PROVIDED ENTRIES section start

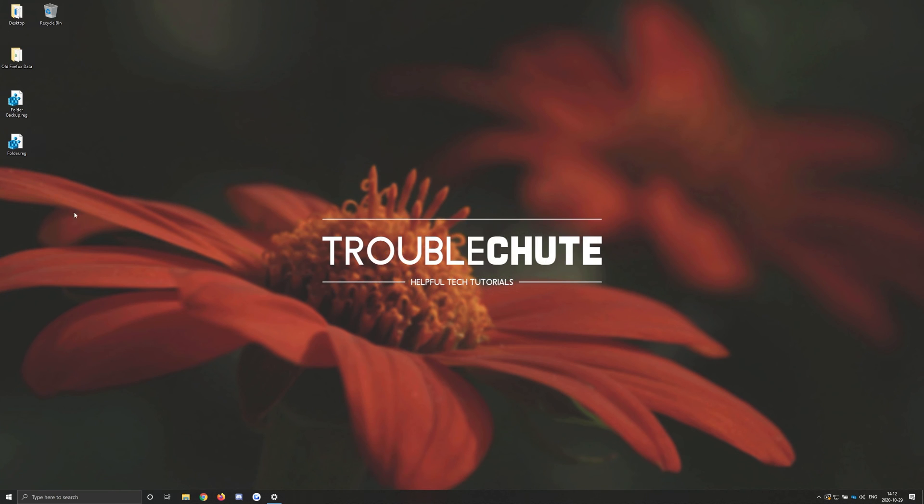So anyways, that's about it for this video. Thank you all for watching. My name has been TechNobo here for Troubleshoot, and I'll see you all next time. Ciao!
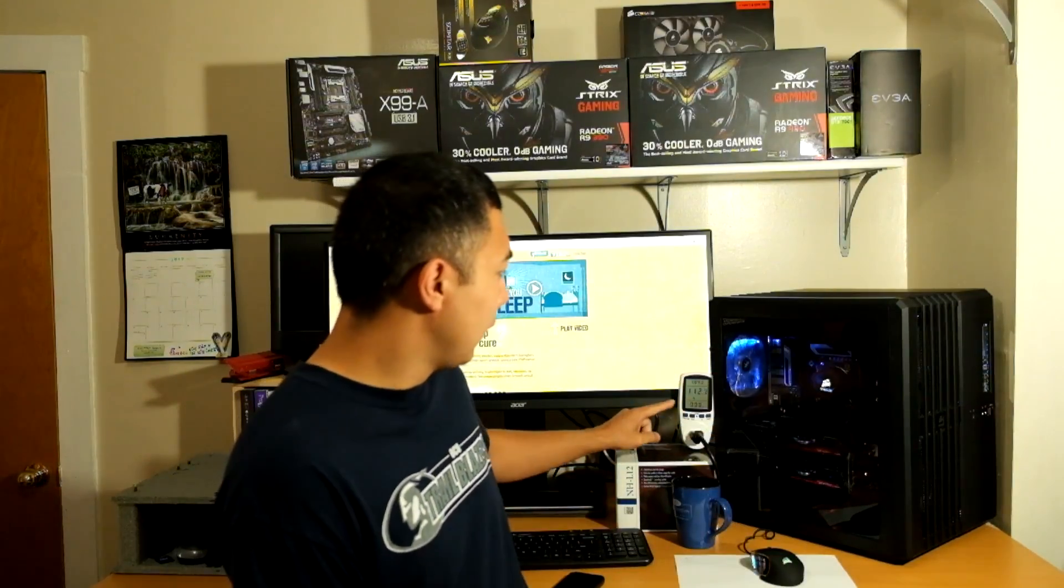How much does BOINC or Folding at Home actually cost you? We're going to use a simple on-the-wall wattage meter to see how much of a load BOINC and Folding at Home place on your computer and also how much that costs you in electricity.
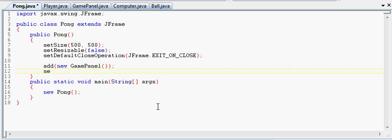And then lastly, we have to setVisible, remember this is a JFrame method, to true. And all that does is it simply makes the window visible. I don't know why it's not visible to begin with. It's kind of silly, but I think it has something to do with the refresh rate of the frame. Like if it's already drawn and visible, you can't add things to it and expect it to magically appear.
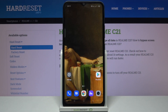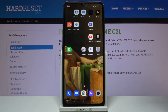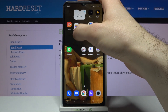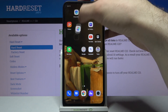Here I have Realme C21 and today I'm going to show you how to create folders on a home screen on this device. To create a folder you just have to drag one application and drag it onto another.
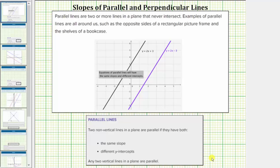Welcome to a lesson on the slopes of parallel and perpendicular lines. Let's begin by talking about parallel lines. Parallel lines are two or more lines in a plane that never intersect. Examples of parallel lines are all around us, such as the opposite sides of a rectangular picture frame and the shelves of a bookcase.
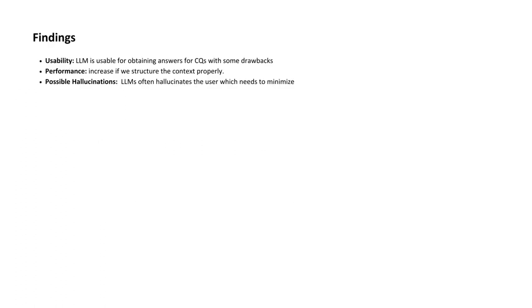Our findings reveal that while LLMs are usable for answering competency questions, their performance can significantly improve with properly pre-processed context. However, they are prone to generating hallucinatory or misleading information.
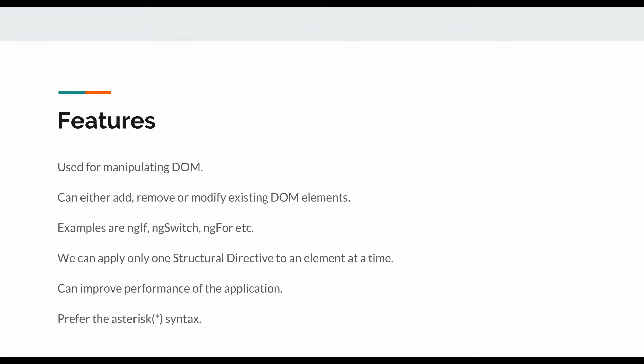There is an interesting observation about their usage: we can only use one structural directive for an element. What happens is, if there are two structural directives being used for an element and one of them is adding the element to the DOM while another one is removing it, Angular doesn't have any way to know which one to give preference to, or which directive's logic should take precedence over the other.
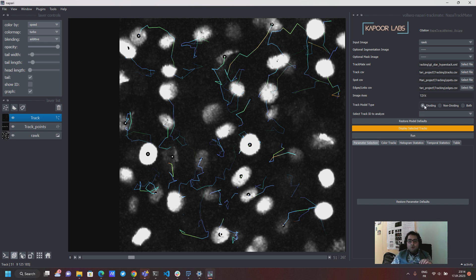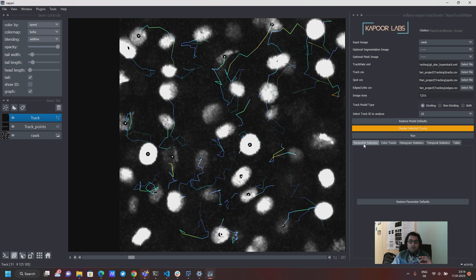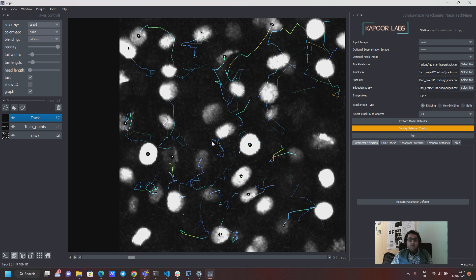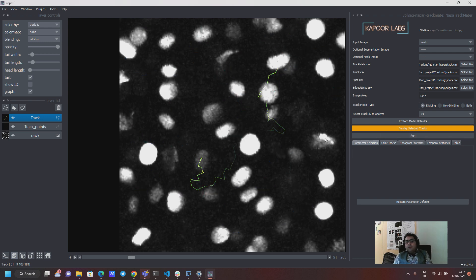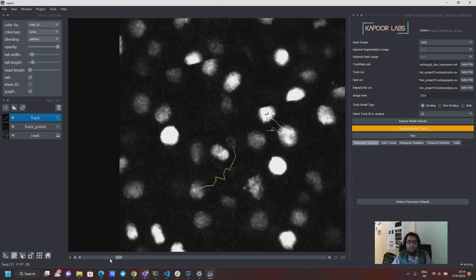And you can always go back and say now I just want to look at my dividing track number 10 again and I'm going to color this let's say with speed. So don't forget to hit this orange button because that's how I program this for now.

PROVIDED ENTRIES section end
PROVIDED ENTRIES section start

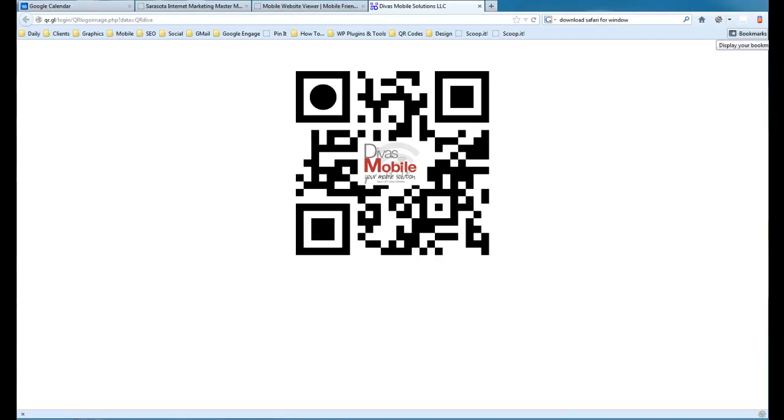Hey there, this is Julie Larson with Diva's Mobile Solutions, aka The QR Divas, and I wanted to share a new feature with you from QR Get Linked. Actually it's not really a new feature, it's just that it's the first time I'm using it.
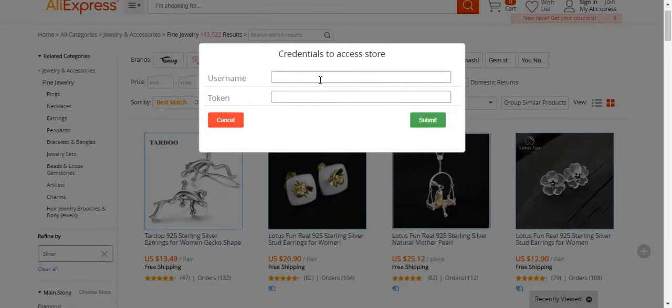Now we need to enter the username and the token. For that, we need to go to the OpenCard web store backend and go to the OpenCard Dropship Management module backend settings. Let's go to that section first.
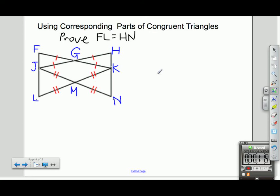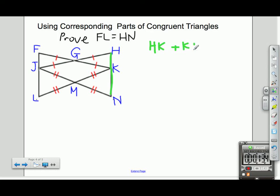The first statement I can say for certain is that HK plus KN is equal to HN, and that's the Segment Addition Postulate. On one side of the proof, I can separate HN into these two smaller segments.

PROVIDED ENTRIES section end

ASSIGNMENT —
Copy needed, without pictures: the lines of the listing above from the line containing "Here I have" up to and including the line containing "Welcome to a", set down exactly.

OUTPUT OF THE TASK —
Here I have Realme C21 and today I'm going to show you how to create folders on a home screen on this device. To create a folder you just have to drag one application and drag it onto another.
Welcome to a lesson on the slopes of parallel and perpendicular lines. Let's begin by talking about parallel lines. Parallel lines are two or more lines in a plane that never intersect. Examples of parallel lines are all around us, such as the opposite sides of a rectangular picture frame and the shelves of a bookcase.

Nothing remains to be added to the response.